In 2006, there were 3500 licensed agents. At renewal last year, there were 4000 (although indicators are that there is a serious drop off in numbers over the summer as the market has "gotten worse"). The people trying to work the pie gained 14% in membership, and 1/3rd of the pie they were working disappeared.

If you think about it from that angle alone, it indicates the level of conflicts of interest operating in the market. There is less business and more people competing for it. But from the individual REALTORS perspective, it is a far more serious problem:

  • Citywide, agents this year will average 4.5 total transactions. Making some big assumptions in terms of what agents get paid, that is $7500 in gross commission per transaction or a gross wage of $33,750. The average agent has at least $1000 a month in expenses (I have $3700), which means that before taxes, their adjusted income is $21,000. How good is the advice given by the average agent in a market like this when they are this cash-strapped?
  • Go further down this same rabbit hole: the average co-op commission now is no longer 3%. Why? If the property is bank-owned or being short-sold, it often is not offering "full co-op" or 3%, but 2% or 2.5%. So that gross wage per transaction just got smaller by 1/3rd. Yes, some homes are offering 4%. Some are offering bonuses. But these tend to be among higher-end properties, and without buyers for these homes, those co-ops are ineffective because there just aren't buyers for them, and correspondingly, no closings paying out those bonuses.
  • Even premier agents in this market are hurting badly. There have been 23, $1 million dollar or larger transactions year to date. This time last year? Forty-six. Not one sale in the MLS has exceeded $2 million.

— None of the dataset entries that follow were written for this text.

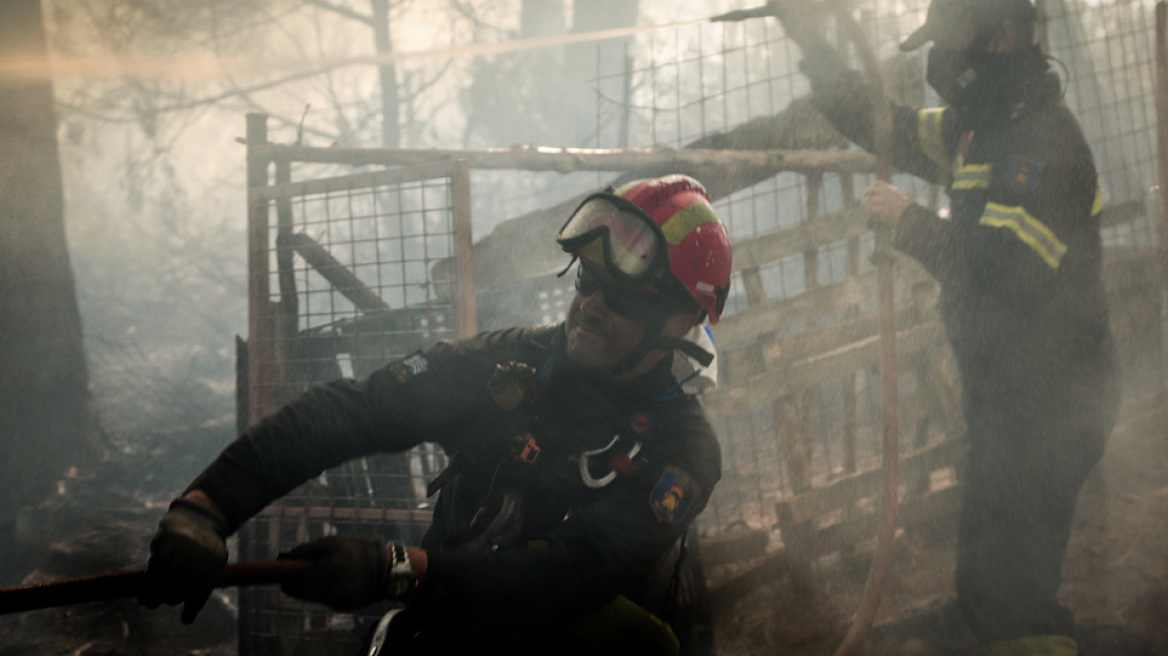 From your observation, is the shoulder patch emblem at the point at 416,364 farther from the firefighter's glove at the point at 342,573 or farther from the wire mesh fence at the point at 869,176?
the wire mesh fence at the point at 869,176

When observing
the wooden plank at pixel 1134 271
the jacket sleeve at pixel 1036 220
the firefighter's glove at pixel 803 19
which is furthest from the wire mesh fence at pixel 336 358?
the wooden plank at pixel 1134 271

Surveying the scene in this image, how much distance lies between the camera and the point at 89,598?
5.36 feet

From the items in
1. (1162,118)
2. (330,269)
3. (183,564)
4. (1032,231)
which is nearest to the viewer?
(183,564)

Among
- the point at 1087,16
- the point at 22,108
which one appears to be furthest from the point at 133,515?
the point at 1087,16

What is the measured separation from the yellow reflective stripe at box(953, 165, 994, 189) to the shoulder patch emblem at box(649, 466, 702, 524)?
2.19 m

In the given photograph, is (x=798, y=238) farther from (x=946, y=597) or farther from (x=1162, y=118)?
(x=1162, y=118)

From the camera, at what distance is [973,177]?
3434mm

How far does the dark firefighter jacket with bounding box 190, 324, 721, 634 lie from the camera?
78.6 inches

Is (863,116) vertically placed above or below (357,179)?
above

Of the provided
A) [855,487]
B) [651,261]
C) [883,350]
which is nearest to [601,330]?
[651,261]

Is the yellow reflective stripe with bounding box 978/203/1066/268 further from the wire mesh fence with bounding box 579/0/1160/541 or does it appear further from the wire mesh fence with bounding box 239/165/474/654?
the wire mesh fence with bounding box 239/165/474/654

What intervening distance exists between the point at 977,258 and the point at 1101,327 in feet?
1.99

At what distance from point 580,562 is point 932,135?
10.1 ft

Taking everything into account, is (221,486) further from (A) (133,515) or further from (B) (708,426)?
(A) (133,515) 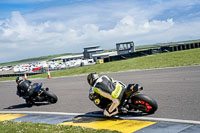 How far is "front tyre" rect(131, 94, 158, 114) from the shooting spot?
6867 mm

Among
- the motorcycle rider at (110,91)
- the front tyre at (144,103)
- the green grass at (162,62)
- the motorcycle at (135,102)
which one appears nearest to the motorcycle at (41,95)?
the motorcycle rider at (110,91)

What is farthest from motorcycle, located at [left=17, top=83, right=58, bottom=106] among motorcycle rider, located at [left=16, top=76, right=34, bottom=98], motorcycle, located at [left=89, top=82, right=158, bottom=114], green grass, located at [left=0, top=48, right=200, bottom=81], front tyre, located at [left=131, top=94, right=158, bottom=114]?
green grass, located at [left=0, top=48, right=200, bottom=81]

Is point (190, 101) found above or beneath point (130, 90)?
beneath

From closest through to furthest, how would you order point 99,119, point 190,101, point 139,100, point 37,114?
1. point 139,100
2. point 99,119
3. point 190,101
4. point 37,114

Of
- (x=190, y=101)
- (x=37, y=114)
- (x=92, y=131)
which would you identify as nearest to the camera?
(x=92, y=131)

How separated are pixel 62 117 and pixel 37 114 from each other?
1470mm

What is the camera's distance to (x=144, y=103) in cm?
690

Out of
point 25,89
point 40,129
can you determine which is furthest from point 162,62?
point 40,129

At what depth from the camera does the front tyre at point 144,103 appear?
6867mm

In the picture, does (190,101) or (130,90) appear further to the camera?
(190,101)

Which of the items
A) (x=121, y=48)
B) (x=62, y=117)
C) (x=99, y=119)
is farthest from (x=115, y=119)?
(x=121, y=48)

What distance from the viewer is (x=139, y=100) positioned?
6.93m

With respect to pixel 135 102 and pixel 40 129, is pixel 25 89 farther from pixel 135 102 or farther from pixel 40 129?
pixel 135 102

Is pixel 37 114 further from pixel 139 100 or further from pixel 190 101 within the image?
pixel 190 101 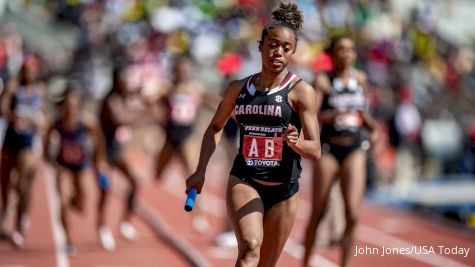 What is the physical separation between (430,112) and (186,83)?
12953 millimetres

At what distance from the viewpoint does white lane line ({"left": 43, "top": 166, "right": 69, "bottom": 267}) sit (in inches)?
412

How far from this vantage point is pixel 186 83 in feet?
43.1

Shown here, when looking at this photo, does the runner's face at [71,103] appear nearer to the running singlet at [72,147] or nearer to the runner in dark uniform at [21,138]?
the running singlet at [72,147]

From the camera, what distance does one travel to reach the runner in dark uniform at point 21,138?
11445 mm

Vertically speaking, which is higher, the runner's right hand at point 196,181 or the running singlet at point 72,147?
the running singlet at point 72,147

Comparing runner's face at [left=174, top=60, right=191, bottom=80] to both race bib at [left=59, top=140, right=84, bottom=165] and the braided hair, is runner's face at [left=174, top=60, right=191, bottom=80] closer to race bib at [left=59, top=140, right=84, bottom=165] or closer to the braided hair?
race bib at [left=59, top=140, right=84, bottom=165]

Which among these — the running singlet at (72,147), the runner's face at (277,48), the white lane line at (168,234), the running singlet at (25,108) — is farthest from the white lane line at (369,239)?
the runner's face at (277,48)

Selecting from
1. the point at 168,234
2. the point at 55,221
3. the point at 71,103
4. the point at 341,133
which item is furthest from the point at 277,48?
the point at 55,221

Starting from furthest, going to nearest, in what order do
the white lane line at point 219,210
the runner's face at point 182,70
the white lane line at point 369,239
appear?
the runner's face at point 182,70 < the white lane line at point 369,239 < the white lane line at point 219,210

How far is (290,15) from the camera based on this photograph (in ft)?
20.3

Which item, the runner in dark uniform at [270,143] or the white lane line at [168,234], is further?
the white lane line at [168,234]

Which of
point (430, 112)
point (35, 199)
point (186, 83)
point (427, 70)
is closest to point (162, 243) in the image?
point (186, 83)

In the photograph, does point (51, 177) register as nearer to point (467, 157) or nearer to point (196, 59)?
point (196, 59)

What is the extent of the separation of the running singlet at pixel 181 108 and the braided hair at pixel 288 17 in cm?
684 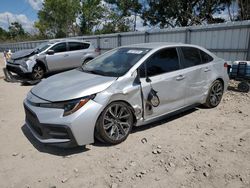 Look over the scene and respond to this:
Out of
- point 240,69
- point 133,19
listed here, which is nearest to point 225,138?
point 240,69

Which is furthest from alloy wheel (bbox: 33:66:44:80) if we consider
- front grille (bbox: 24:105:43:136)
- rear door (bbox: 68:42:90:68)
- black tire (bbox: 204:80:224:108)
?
black tire (bbox: 204:80:224:108)

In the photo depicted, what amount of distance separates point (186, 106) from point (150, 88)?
116cm

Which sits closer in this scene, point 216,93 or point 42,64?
point 216,93

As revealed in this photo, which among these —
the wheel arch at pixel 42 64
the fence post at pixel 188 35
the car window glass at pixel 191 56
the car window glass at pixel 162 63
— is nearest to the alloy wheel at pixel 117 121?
the car window glass at pixel 162 63

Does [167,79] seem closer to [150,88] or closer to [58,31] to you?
[150,88]

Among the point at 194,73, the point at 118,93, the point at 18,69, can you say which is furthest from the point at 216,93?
the point at 18,69

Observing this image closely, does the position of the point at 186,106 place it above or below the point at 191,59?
below

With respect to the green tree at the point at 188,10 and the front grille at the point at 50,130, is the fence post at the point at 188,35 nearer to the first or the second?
the front grille at the point at 50,130

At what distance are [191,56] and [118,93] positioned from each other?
2.09 metres

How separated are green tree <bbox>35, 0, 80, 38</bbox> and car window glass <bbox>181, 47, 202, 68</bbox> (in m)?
36.6

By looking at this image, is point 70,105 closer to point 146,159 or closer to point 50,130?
point 50,130

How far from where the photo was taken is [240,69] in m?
7.05

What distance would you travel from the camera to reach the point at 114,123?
144 inches

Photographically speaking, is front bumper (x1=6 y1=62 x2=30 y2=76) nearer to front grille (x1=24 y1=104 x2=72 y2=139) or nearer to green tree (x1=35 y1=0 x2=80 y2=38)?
front grille (x1=24 y1=104 x2=72 y2=139) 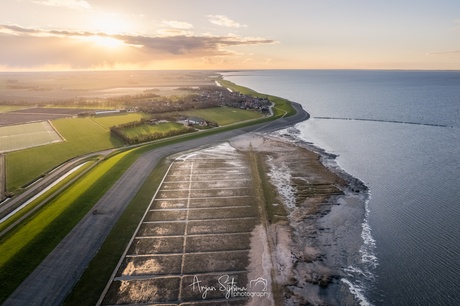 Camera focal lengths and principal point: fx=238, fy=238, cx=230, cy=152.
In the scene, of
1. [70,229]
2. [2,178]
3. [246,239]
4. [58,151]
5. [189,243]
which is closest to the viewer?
[189,243]

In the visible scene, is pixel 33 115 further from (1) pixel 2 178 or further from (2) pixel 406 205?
(2) pixel 406 205

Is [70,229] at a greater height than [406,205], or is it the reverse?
[406,205]

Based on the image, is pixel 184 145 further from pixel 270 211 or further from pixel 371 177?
pixel 371 177

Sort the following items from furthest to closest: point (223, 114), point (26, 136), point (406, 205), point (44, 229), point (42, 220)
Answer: point (223, 114) → point (26, 136) → point (406, 205) → point (42, 220) → point (44, 229)

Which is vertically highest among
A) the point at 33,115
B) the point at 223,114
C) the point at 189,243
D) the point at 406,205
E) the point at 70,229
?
the point at 223,114

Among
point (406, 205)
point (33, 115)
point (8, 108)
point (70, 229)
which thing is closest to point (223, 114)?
point (406, 205)

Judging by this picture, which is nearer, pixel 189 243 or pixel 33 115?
pixel 189 243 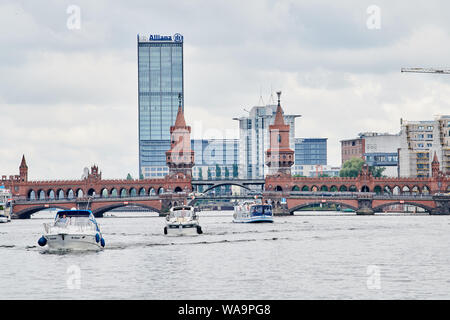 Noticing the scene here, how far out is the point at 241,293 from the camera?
183 feet

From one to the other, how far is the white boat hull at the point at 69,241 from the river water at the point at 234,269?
1.31 metres

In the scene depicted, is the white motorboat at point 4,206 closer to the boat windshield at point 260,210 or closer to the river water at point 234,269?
the boat windshield at point 260,210

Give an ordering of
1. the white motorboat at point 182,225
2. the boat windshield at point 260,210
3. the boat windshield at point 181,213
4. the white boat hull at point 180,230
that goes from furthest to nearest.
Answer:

This is really expensive business to maintain and there are 275 homes for sale in excess of a million right now. Those marketing these homes have huge expenses. And the margin just isn't there. The sales volume of over $1 million transactions was 2.7 TIMES larger last year. The over $1 million home averaged $1.5 million. This year it average $1.17 million. It's not just fewer of them, but it's the "barely" over a million that is selling.
  • Sellers are watching a ticking time bomb on their rates ready to adjust. Those on 5/1 ARM schedules with an interest-only feature could get hammered. These were extremely popular in the acquisition of properties from $400,000 to $600,000 from 2004 to 2006. From $575,000 to $650,000 there is a 30-year supply of housing right now. At the same time these homeowners will likely see their interest rates go up AND they will have to stop making minimum Interest-only payments but also pay an additional $250 or more in principal every month. So the rate goes up AND they have principal, so it's not just a $150 a month gain in interest but also principal. Suddenly, $400 to $500 just evaporated from the monthly budget. And buyers for their home are scarce. The same thing is true on less expensive properties, those in the "average" category, but the effects won't be quite as severe. The big trend from 2000 to 2006 was the "big house". The average home size increased 18% nation-wide from the mid-90's to 2006. How that house was acquired was with exotic financing, financing you can't get into any more, and probably can't get out of without proving a hardship and blowing up your credit rating.
  • The reality that many of the bigger homes were purchased via a method of finance that doesn't exist today looms as a storm cloud in this market. The old measuring stick of "buy or don't buy" used to be "could you afford to buy your home today?" That axiom was meant to say "don't get in over your head." Well in 2004 through mid-2007, Jumbo rates were only a half percent higher than conforming rates. Today they are 1.5 to 2.0% higher. Most people never stopped to ask if Jumbos would move well-away from the conforming values. Just like the assumption that all home values would go up, no one assumed Jumbos would stop acting like conforming loans, even though they have never been backed by Fannie and Freddie and are significantly more risky for a lender (hence their name). It wasn't just interest rates that changed. It is the entire method of financing. All the rules of then, are gone now. Piggy-back seconds are gone too. So the old thoughts of "well, I'll just re-finance, even if rates are high, I'll figure out something" really doesn't apply now.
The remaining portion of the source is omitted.